• _Exercise instructions_
Could you write out exactly, and only, the lines from the one containing "Villa a Bagnols-en-Forêt, Provenza-Alpi-Costa" through the last line of the data, leaving out all pictures?
***** Material shown *****
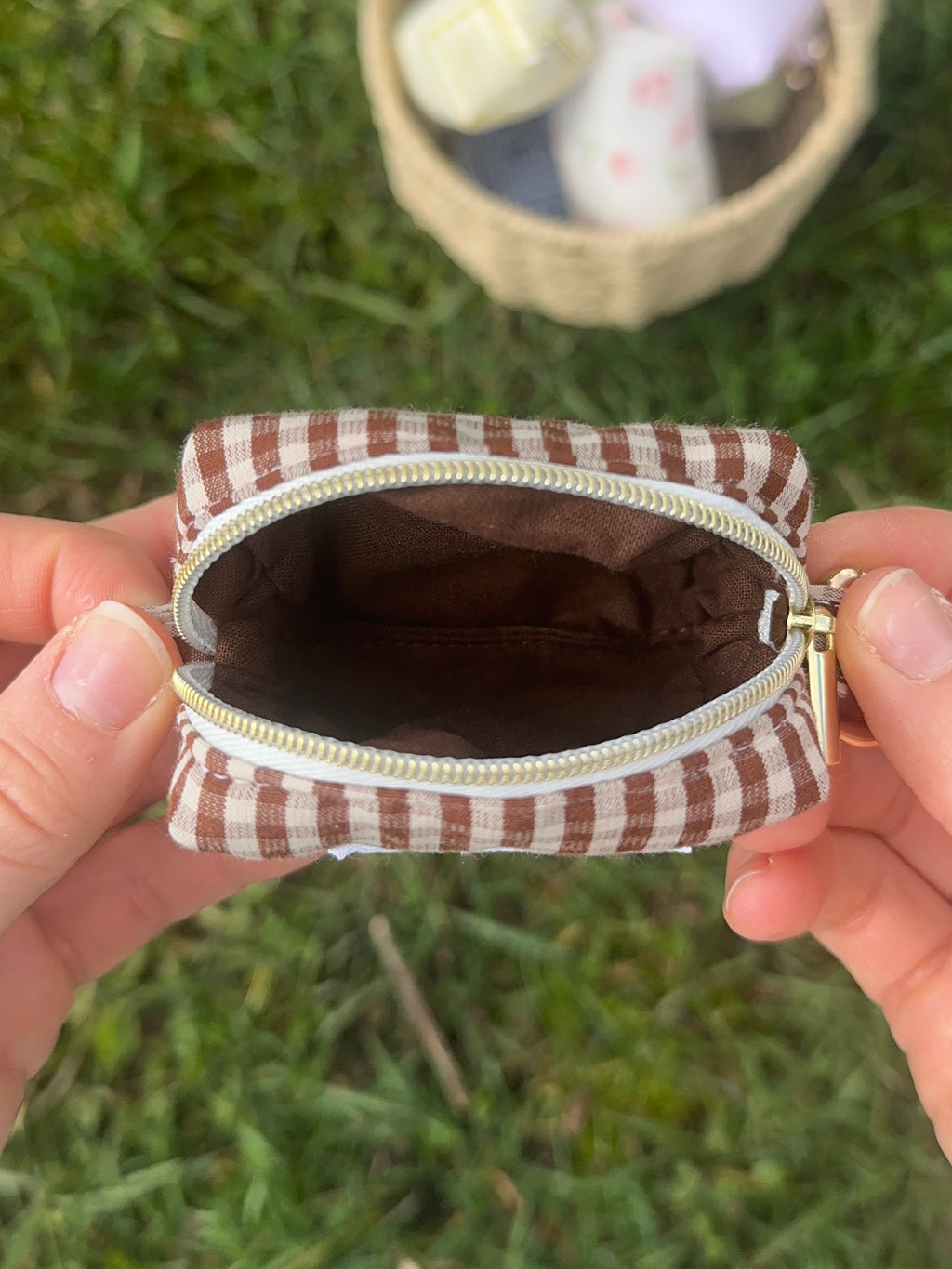 Mini trousse écouteurs vichy marron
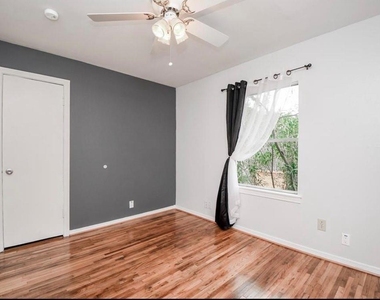 2824 Dalton Street - Photo Thumbnail 1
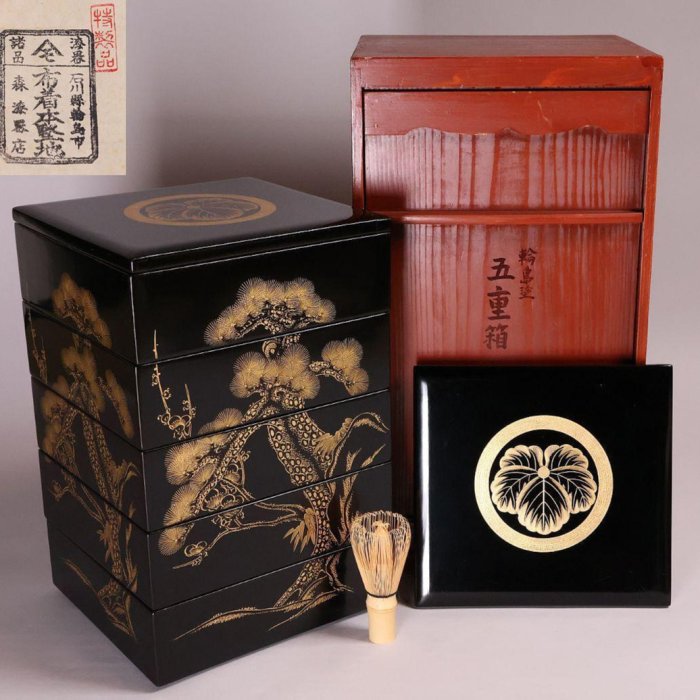 輪島塗 森漆器店 沈金 丸に蔦家紋 松竹梅 五段重箱 黒 朱 木製【MB57】 輪島塗重盒五段重沈金松竹梅家紋木製| Yahoo拍賣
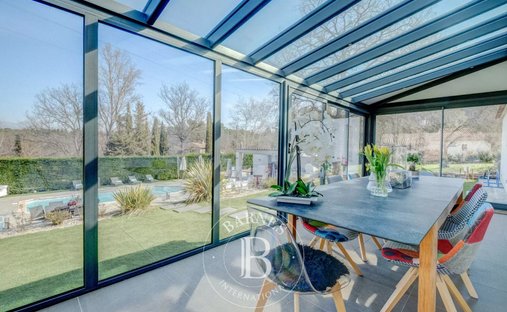 Villa a Bagnols-en-Forêt, Provenza-Alpi-Costa Azzurra, Francia 1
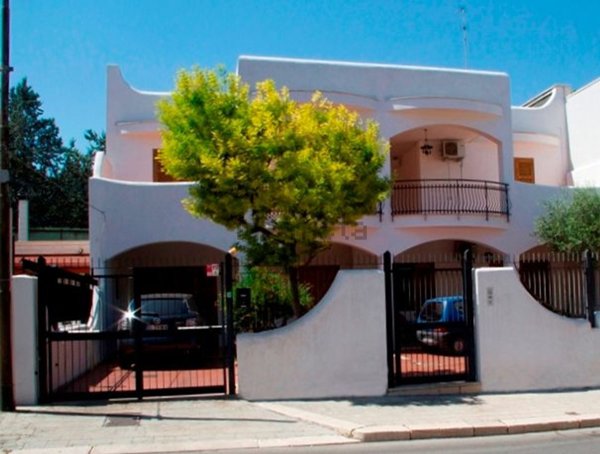 casa indipendente in vendita a Bitonto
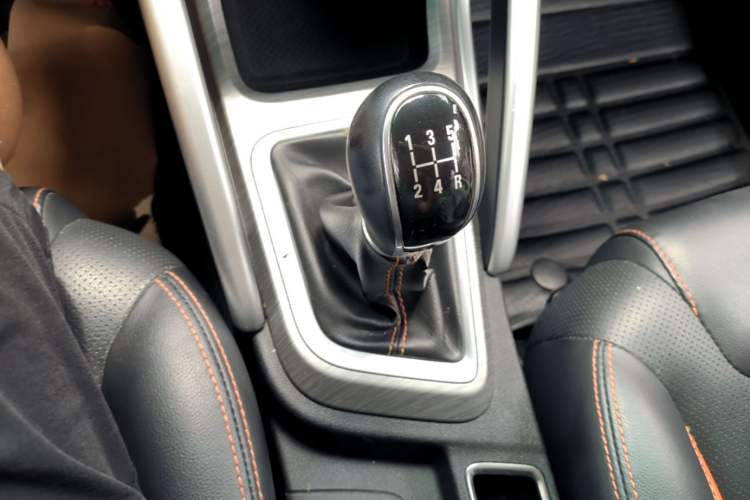 Used Geely Auto Vision X3 2017 1.5L Manual Luxury Model Gear Lever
*****
• _Reply_
 Villa a Bagnols-en-Forêt, Provenza-Alpi-Costa Azzurra, Francia 1
 casa indipendente in vendita a Bitonto
 Used Geely Auto Vision X3 2017 1.5L Manual Luxury Model Gear Lever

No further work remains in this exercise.